From: Byungchul Park <byungchul.park@lge.com>
To: Ingo Molnar <mingo@kernel.org>
Cc: willy@linux.intel.com, akpm@linux-foundation.org,
linux-kernel@vger.kernel.org, akinobu.mita@gmail.com,
jack@suse.cz, sergey.senozhatsky.work@gmail.com,
peter@hurleysoftware.com, torvalds@linux-foundation.org,
Peter Zijlstra <a.p.zijlstra@chello.nl>,
Thomas Gleixner <tglx@linutronix.de>
Subject: Re: [PATCH] lock/semaphore: Avoid a deadlock within __up()
Date: Tue, 2 Feb 2016 18:00:52 +0900 [thread overview]
Message-ID: <20160202090052.GH29804@X58A-UD3R> (raw)
In-Reply-To: <20160202081355.GA30393@gmail.com>
On Tue, Feb 02, 2016 at 09:13:55AM +0100, Ingo Molnar wrote:
>
> * Byungchul Park <byungchul.park@lge.com> wrote:
>
> > Since I faced a infinite recursive printk() bug, I've tried to propose
> > patches the title of which is "lib/spinlock_debug.c: prevent a recursive
> > cycle in the debug code". But I noticed the root problem cannot be fixed
> > by that, through some discussion thanks to Sergey and Peter.
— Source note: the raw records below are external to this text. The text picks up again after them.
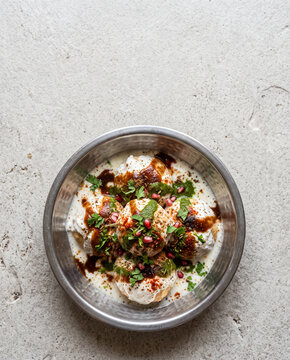 Indian dahi vada lentil dumplings in yogurt with chutneys and spices for Holi top view with copy space, vertical
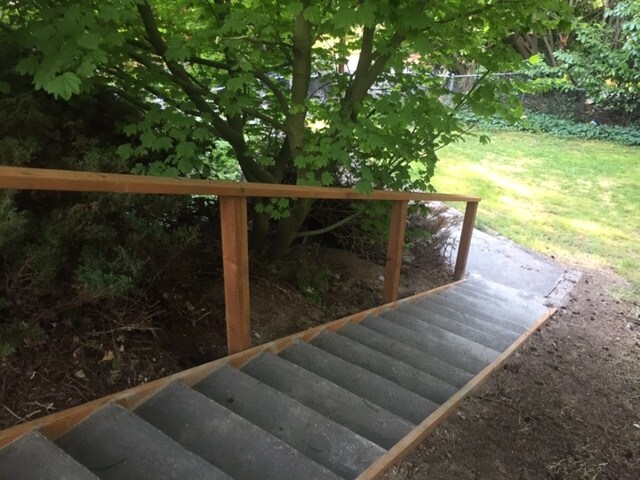 There are stairs and a new handrail from the driveway to the front door. - 6267 Northeast 203rd Place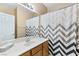 Well-lit bathroom featuring a large mirror and stylish shower curtain at 7348 Zion Falls St, Las Vegas, NV 89131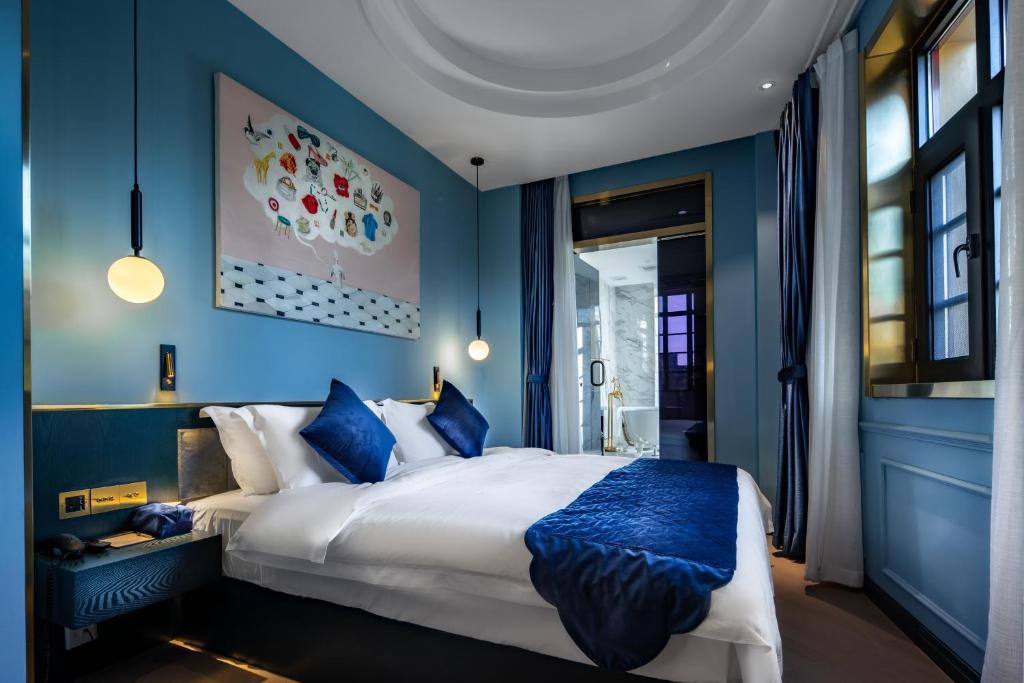 a blue bedroom with a large bed with blue walls at Moon and Chalice Boutique Hotel in Kunming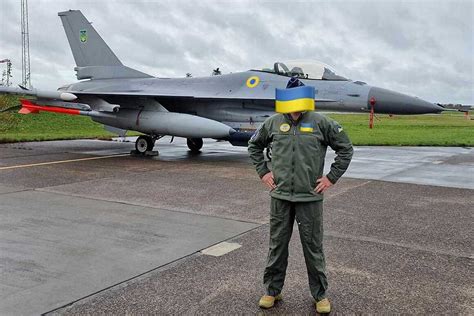 Ukrainian F-16 pilot in full flight gear before simulated sortie in Czech Republic training hangar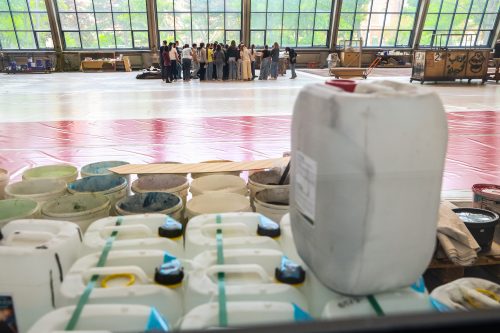 Eine Gruppe von Menschen steht in einer Halle zusammen, im Vordergrund sind viele Kanister und Farbdosen zu sehen.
So I focused
> > on preventing the DEADLOCK.
> >
> > -----8<-----
> > From 94a66990677735459a7790b637179d8600479639 Mon Sep 17 00:00:00 2001
> > From: Byungchul Park <byungchul.park@lge.com>
> > Date: Tue, 2 Feb 2016 15:35:48 +0900
> > Subject: [PATCH] lock/semaphore: Avoid a deadlock within __up()
> >
> > When the semaphore __up() is called from within printk() with
> > console_sem.lock, a DEADLOCK can happen, since the wake_up_process() can
> > call printk() again, esp. if defined CONFIG_DEBUG_SPINLOCK. And the
> > wake_up_process() don't need to be within a critical section.
> >
> > The scenario the bad thing can happen is,
> >
> > printk
> > console_trylock
> > console_unlock
> > up_console_sem
> > up
> > raw_spin_lock_irqsave(&sem->lock, flags)
> > __up
> > wake_up_process
> > try_to_wake_up
> > raw_spin_lock_irqsave(&p->pi_lock)
> > __spin_lock_debug
> > spin_dump
> > printk
> > console_trylock
> > raw_spin_lock_irqsave(&sem->lock, flags)
> >
> > *** DEADLOCK ***
> >
> > Signed-off-by: Byungchul Park <byungchul.park@lge.com>
> > ---
> > kernel/locking/semaphore.c | 9 +++++++++
> > 1 file changed, 9 insertions(+)
> >
> > diff --git a/kernel/locking/semaphore.c b/kernel/locking/semaphore.c
> > index b8120ab..d3a28dc 100644
> > --- a/kernel/locking/semaphore.c
> > +++ b/kernel/locking/semaphore.c
> > @@ -259,5 +259,14 @@ static noinline void __sched __up(struct semaphore *sem)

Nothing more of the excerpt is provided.